Don´t kill me rabbit :hammer --- I´m just speculating :P

But as to the mixing with other breeds --- that may generate beautiful foals, but not an original breed anymore -- you can call them Shetland Partbreds or Welsh Partbreds or you even can generate a new breed, but you can´t fall back on the original names, hence you can open all the studbook wide and invite every crossover in. That would negate the whole system

rabbitsfizz Sun, 08/30/2009 - 10:59

There is no such thing as a Purebred anything, there are only cats, dogs, horses etc.
At the end of the day everything else is man generated.
How about that?
I am happier to breed within specifics for a certain breed, thus, to me a Pinto Welsh is pretty but not Welsh as it is not bred to the specifics of the breed, BUT there is a lot more to the breed than colour, and I think conformation and type is far more important than colour.
Even so, I find all these new colours that "suddenly" turn up really amazing.
No, DC and Twyford Grenadier et al were not Silver, some of us have always been able to tell the difference, and the Welsh with grey manes and tails aren't Silver, either, they are Chestnut with grey manes and tails.
I'm still wondering what the society is going to do about the silver that has just appeared...sorry, can't remember his name!!
Whynot, during the War all Native breeds except Exmoor were banned from breeding and stallions supposed to be castrated or destroyed.
To save the breeds the Dartmoors, Welsh, Shetlands and New Forest people turned their ponies out to fend for themselves.
After the War the ponies were brought in and sorted out according to colour, height and type.
In the Welsh and Shetland Societies Foundation Stock status was given to animals of unknown of single parentage breeding, thus, at this time, there could easily have been mixing of the breeds.
I am pretty sure that Dartmoor and New Forest were OK as they are isolated, although there was a rash of Splash NF ponies that is still there. they were denied registration, but have now to be registered even if Splashed on the body.
Dartmoors were pretty much OK as the farmers have always fed their cattle out there and the ponies just muck in, as it were, although there are also, now, these flipping rubbish Pinto ponies that no-one wants that are running around on Dartmoor, but that is another story.
Truth be told, if Silver were going to arrive "legally" it would have arrived during the War, although why it has only just surfaced is a mystery!

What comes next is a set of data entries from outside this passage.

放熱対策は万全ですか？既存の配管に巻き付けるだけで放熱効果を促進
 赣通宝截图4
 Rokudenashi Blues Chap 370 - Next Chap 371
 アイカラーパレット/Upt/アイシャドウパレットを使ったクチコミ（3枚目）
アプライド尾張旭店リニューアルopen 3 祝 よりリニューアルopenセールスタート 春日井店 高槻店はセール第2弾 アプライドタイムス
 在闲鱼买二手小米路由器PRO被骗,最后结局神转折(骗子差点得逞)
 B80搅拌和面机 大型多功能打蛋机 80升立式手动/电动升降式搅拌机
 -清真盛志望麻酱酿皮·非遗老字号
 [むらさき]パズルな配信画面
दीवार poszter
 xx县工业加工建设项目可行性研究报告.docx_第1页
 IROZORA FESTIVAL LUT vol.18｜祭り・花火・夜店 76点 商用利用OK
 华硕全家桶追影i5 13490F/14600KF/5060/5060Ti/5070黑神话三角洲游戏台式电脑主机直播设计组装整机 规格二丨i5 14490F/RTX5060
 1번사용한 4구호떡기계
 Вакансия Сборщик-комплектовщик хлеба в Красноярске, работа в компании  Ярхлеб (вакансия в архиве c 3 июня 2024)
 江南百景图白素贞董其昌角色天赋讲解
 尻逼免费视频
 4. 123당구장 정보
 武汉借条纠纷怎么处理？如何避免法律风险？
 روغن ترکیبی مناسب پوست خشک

RiddleMeThis Sun, 08/30/2009 - 14:03

[quote="rabbitsfizz"]
Truth be told, if Silver were going to arrive "legally" it would have arrived during the War, although why it has only just surfaced is a mystery![/quote]Because silver can hide. A. It doesn't show on red bases (where it first showed up in welsh) B. even on black bases it can be incredibly minimal as to completely be missed and then finally C. people who cant tell the difference calling them chestnuts.

accphotography Sun, 08/30/2009 - 14:09

And d: grays or any other color it might be somewhat indistinguishable on (such as buckskin).

rabbitsfizz Sun, 08/30/2009 - 15:07

Strangely enough I was already aware of this.
I have seen a lot, and I do mean a LOT, of Welsh ponies and I have seen some very (and I do mean [i]very[/i] :rofl ) strange colours, colours I wish I had photographed.
I saw a stallion (sec C) in a market that could only be described as "Lavender Palomino"....he was obviously palomino, but the sooty had dappled him out all over like a rocking horse, and, well, he was just amazing!
But I have never seen anything that looked like Silver, and I knew a Silver mare when I was a child, although we had no word for her colour, so I think I should have recognised it.

WhyNot-Ponys Mon, 08/31/2009 - 01:28

As well ---- I would have been interested in seeing a Downland Chevalier-DNA test for Z or flaxen --- for Solway Master Bronze, too.
I would be interested in Tests for some Cobs .......
If you look back in the pedigrees the fair mane and tail usually came up one or two generations after the incross of cob blood in the Welsh.

Does anyone have proof of a registered Welsh D with silver?????